**TASK TO CARRY OUT**
Would you please return only the lines from the one with "عکس خانه وارونه" through the last line of the records below, leaving the pictures out?

**DATA IN THIS EXERCISE**
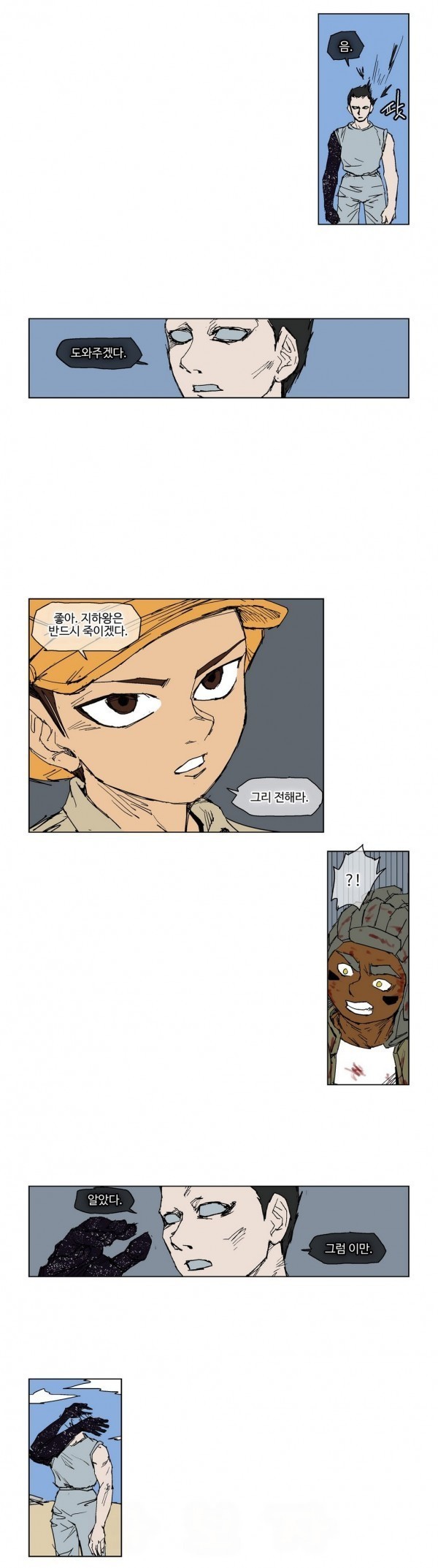 호박장군 58화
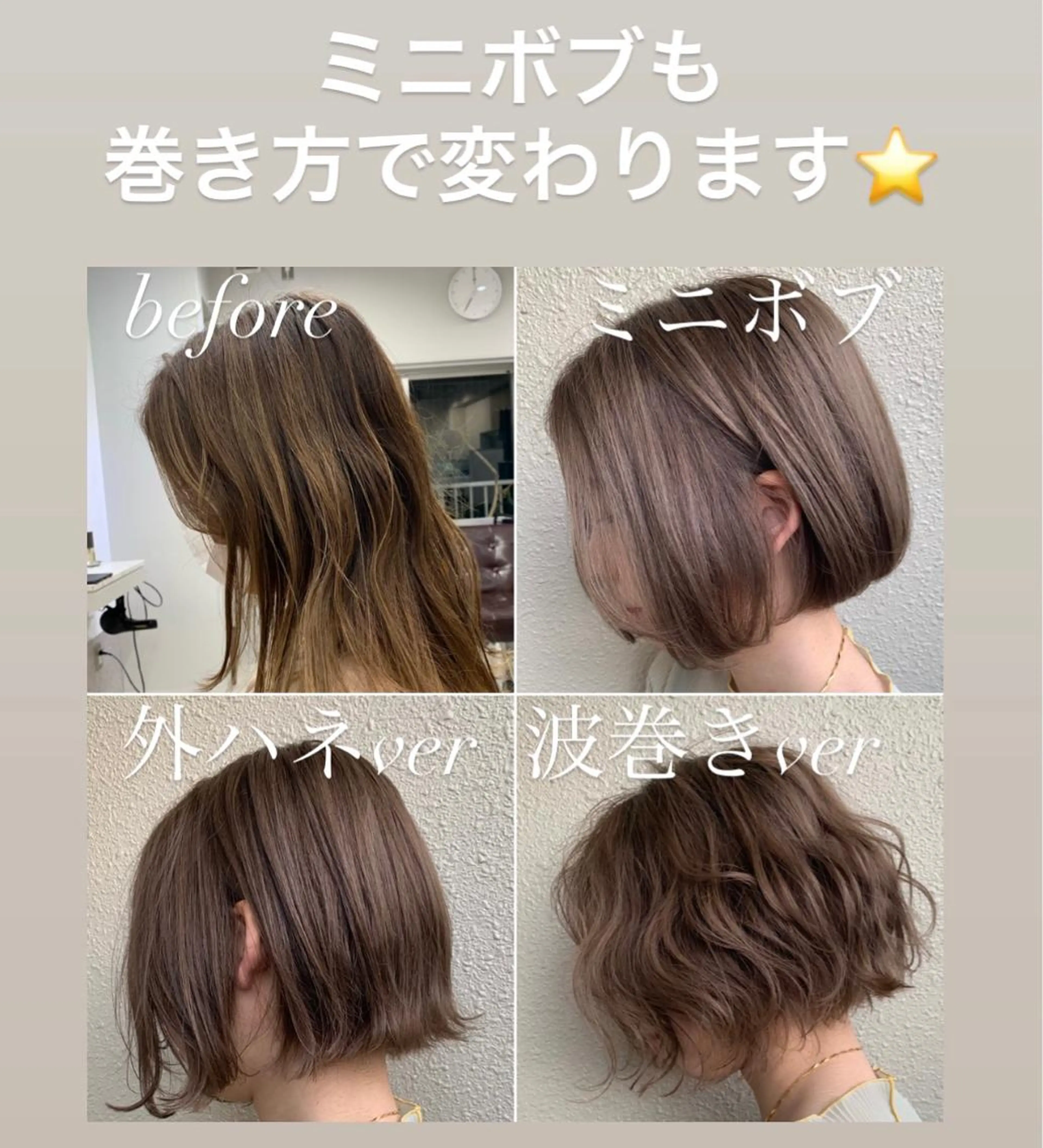 ショート ボブ ショート、ボブ特化 長島智彦のヘアスタイル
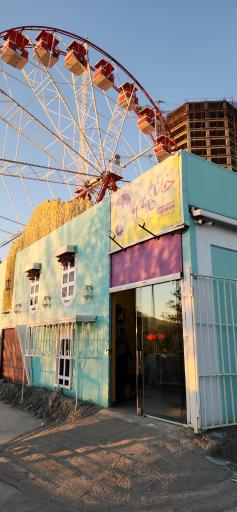 عکس خانه وارونه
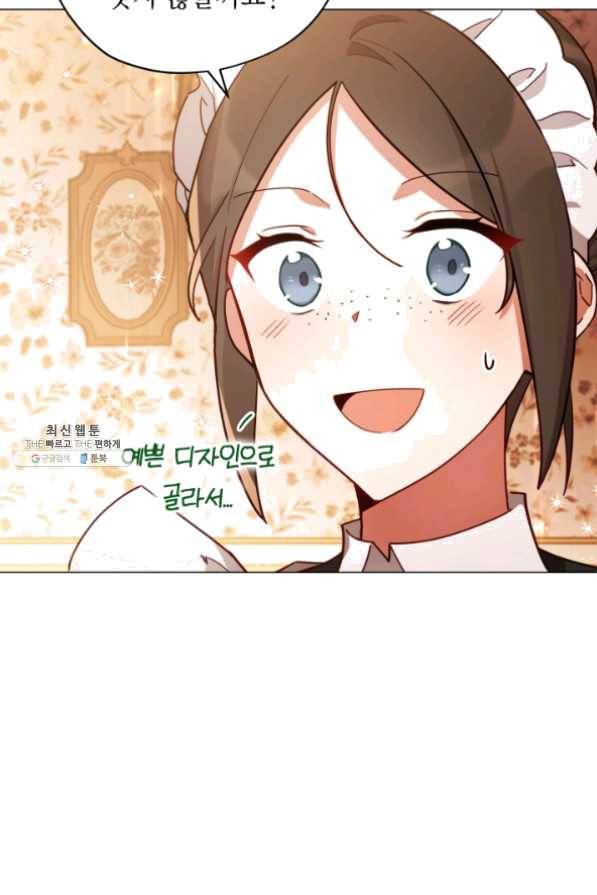 접근 불가 레이디 32화 27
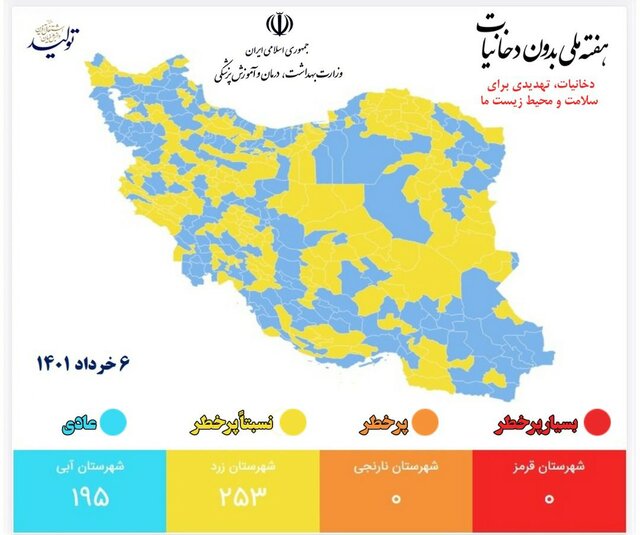 آخرین وضعیت رنگبندی شهرهای کشور آخرین وضعیت رنگبندی شهرهای کشور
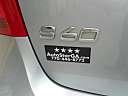 Thumbnail image of 2017 Volvo S60 at Auto Star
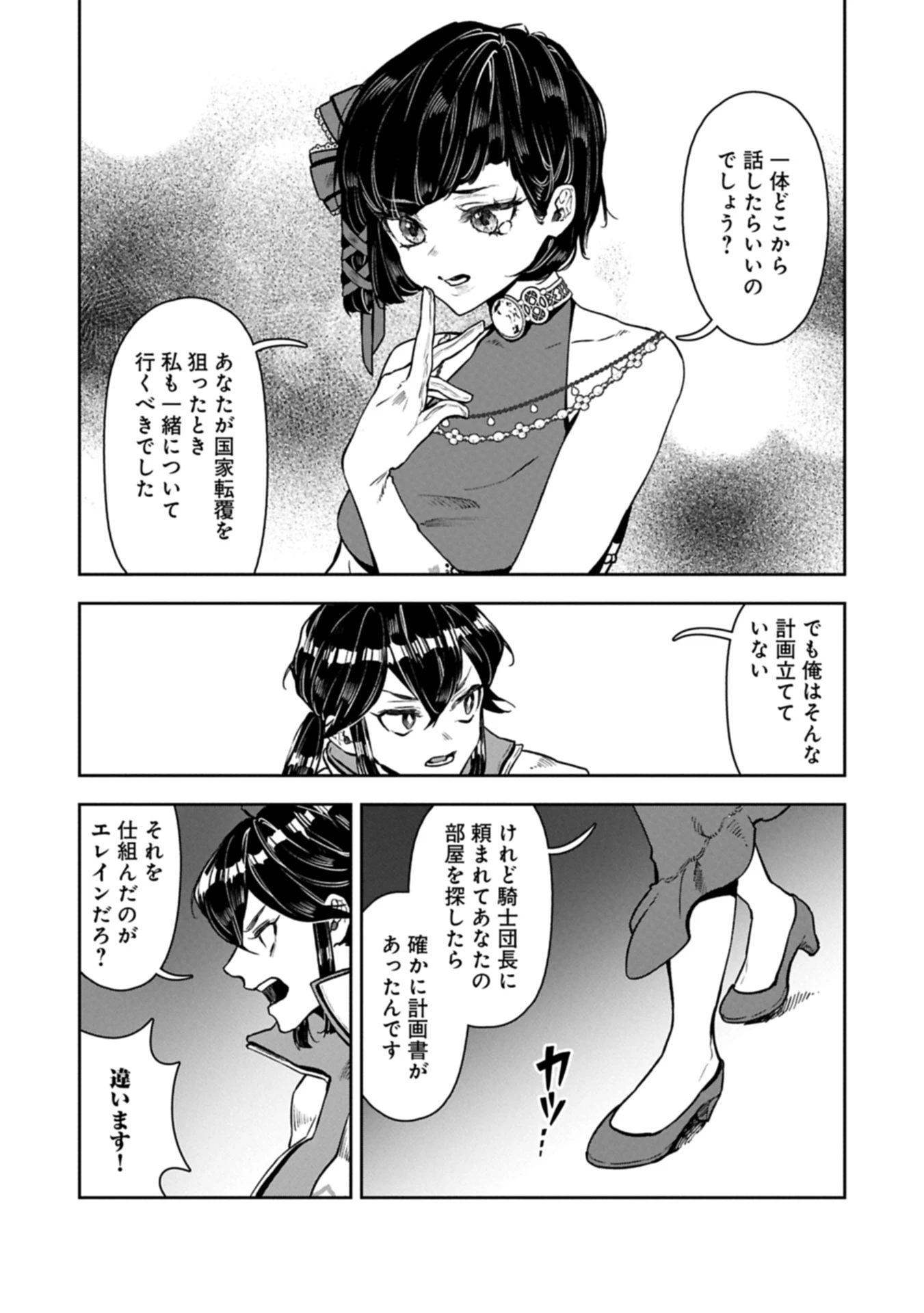 国に最強のバリアを張ったら平和になりすぎて追放されました。～俺の魔法がヤバすぎて、美女と魔族に囲まれてるんだが！？～ 第13.2話 - 2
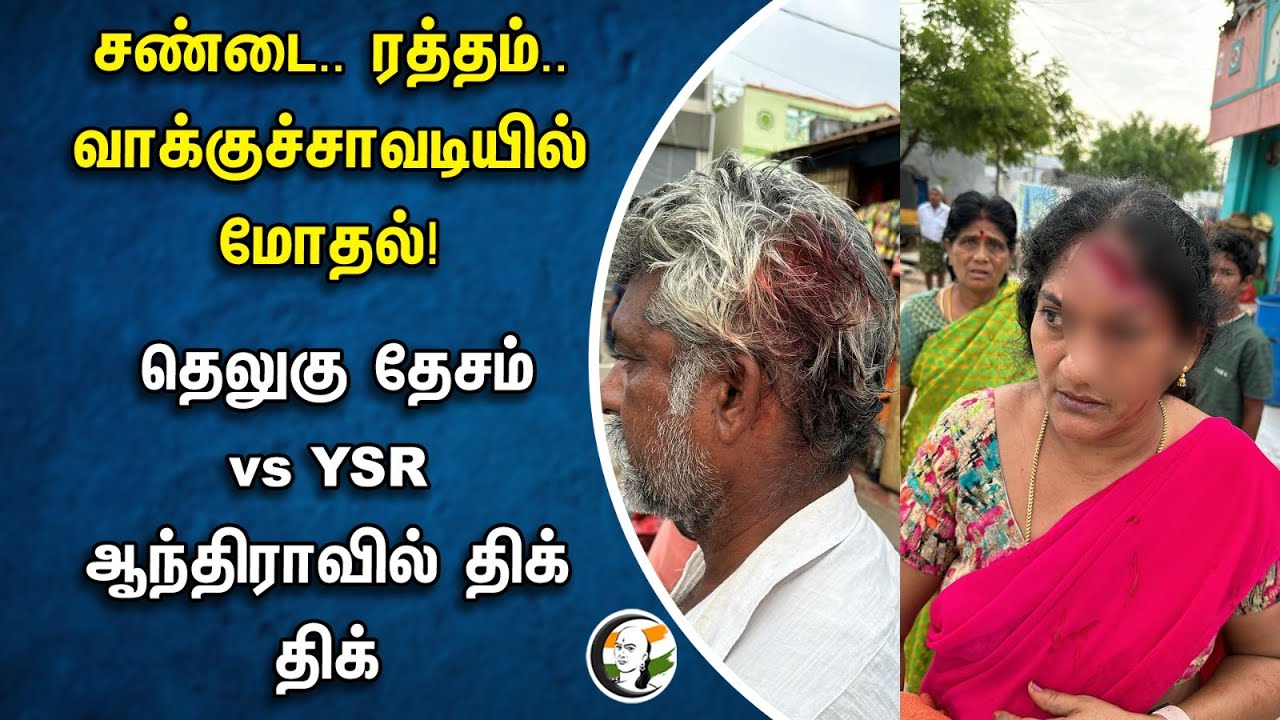 சண்டை.. ரத்தம்.. வாக்குச்சாவடியில் மோதல் | TDP vs YSR Congress | Andhraவில் திக் திக் | Election2024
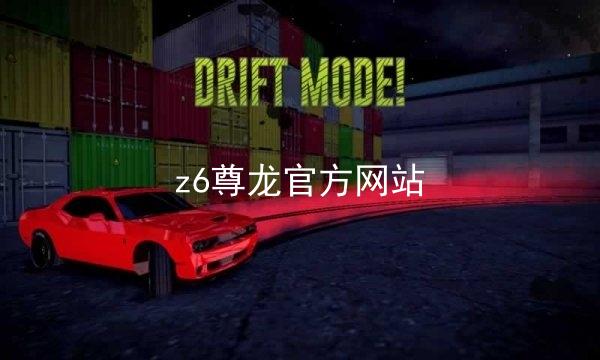 z6尊龙官方网站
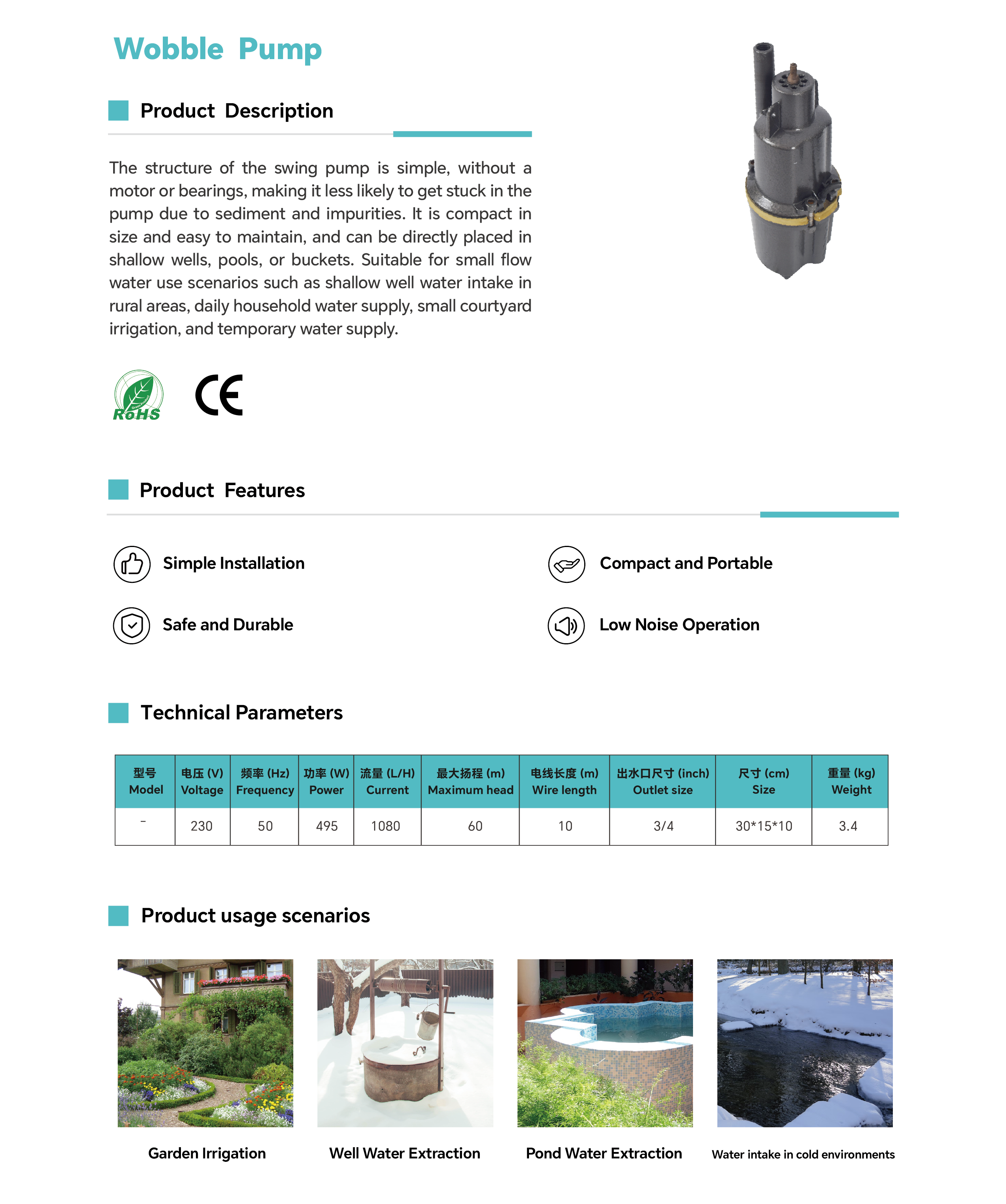 Portable Rocker Water Pump for Agricultural Irrigation & Emergency Water Drainage.png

**OUTPUT FOR THIS EXERCISE**
 عکس خانه وارونه
 접근 불가 레이디 32화 27
 آخرین وضعیت رنگبندی شهرهای کشور آخرین وضعیت رنگبندی شهرهای کشور
 Thumbnail image of 2017 Volvo S60 at Auto Star
 国に最強のバリアを張ったら平和になりすぎて追放されました。～俺の魔法がヤバすぎて、美女と魔族に囲まれてるんだが！？～ 第13.2話 - 2
 சண்டை.. ரத்தம்.. வாக்குச்சாவடியில் மோதல் | TDP vs YSR Congress | Andhraவில் திக் திக் | Election2024
 z6尊龙官方网站
 Portable Rocker Water Pump for Agricultural Irrigation & Emergency Water Drainage.png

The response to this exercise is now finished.